I saw pain on the face of a friend. I gave her a hug and asked if she needed to talk. She did. I did, too, though I didn’t know it at first. Jesus knew.
I became aware, while on retreat, that I had taken out too much food for breakfast. I wasn’t really hungry. It couldn’t be saved for later and what was thrown away might have been almost enough for someone without. Forgive me, Lord.
From my writing window, I saw a small flower blooming in tall weeds. I grabbed my camera and went out in chilly, breezy weather in my robe to capture a photo. A meditation there, I think, about beauty and the Light of God in the midst of mess. Always. Always!

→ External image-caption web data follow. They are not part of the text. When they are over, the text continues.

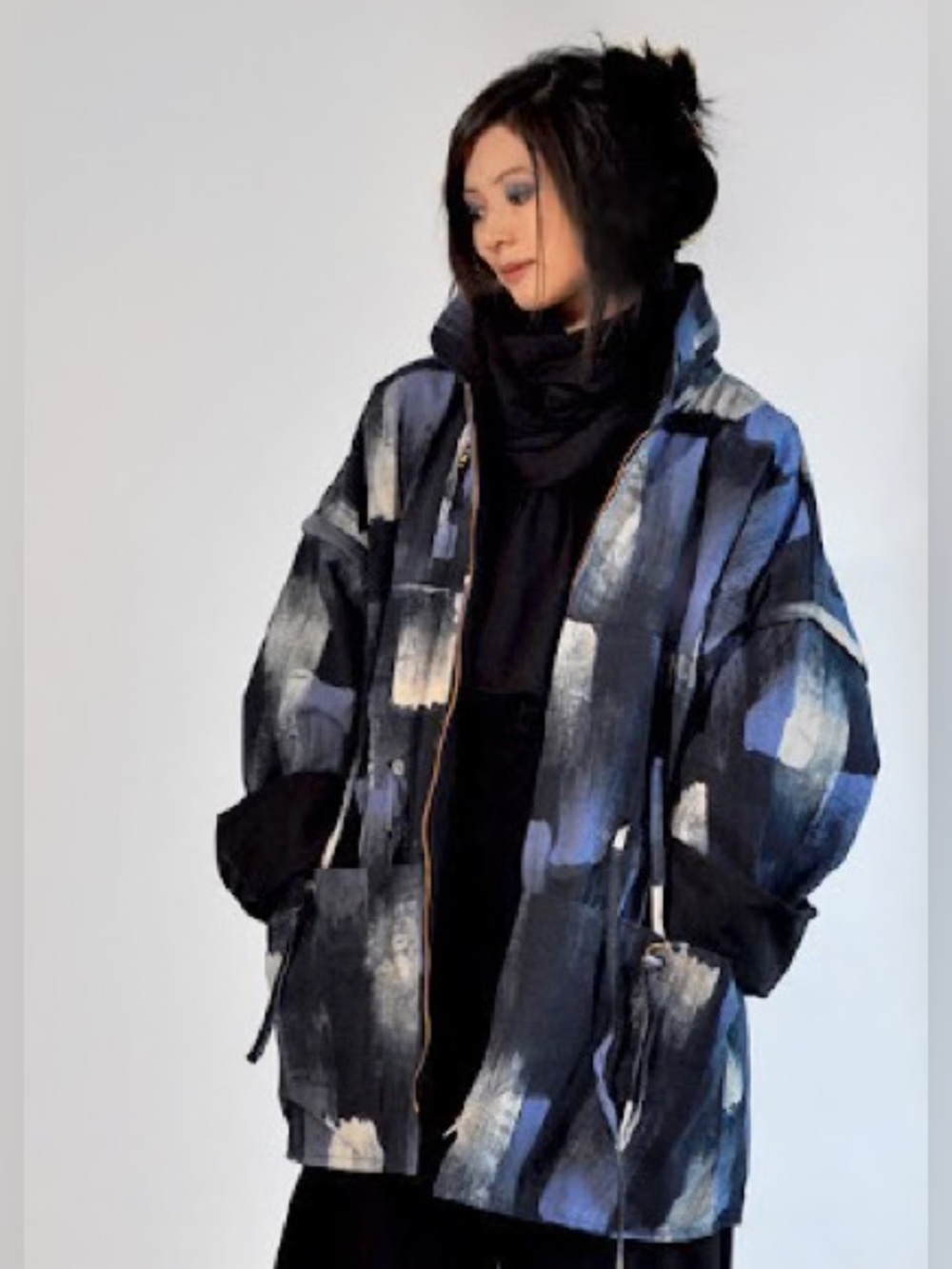 Kaliyana REVERSIBLE ANORAK Jacket - windows Blue Black & White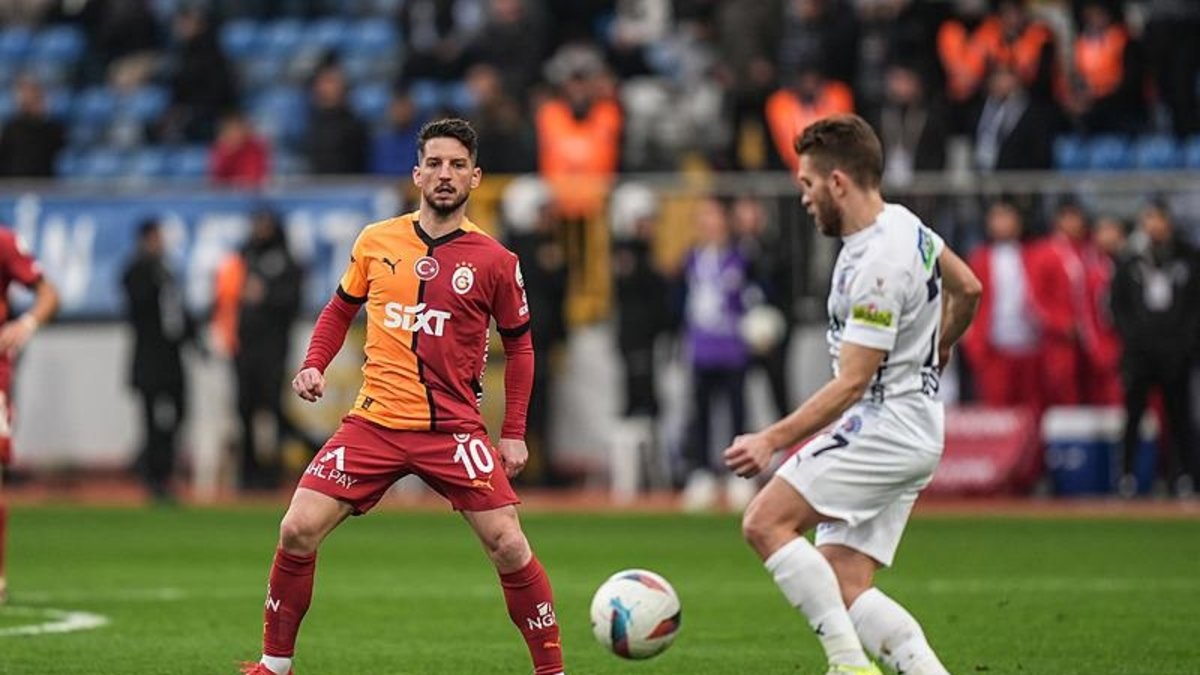 Galatasaray'da Mertens'in yerine çilek transferi!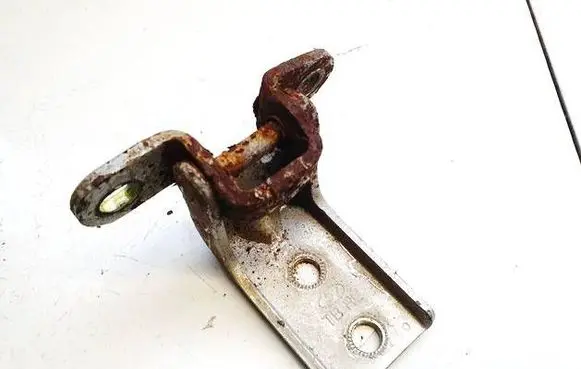 Hyundai Getz Rear door lower hinge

On retreat, at our last meal together, we were allowed to talk. Mostly, we are silent. I mentioned that I was praying for awareness and when asked about it, I told Zac’s story. One table companion asked me how I get awareness. “I ask”, I told her. I just ask. As we were leaving, another gave me his card and said, “Please, send me your research on awareness when you finish.” Uh…ok! But, I have no research. I ask, begin to look, then tell the stories. I pray I never finish.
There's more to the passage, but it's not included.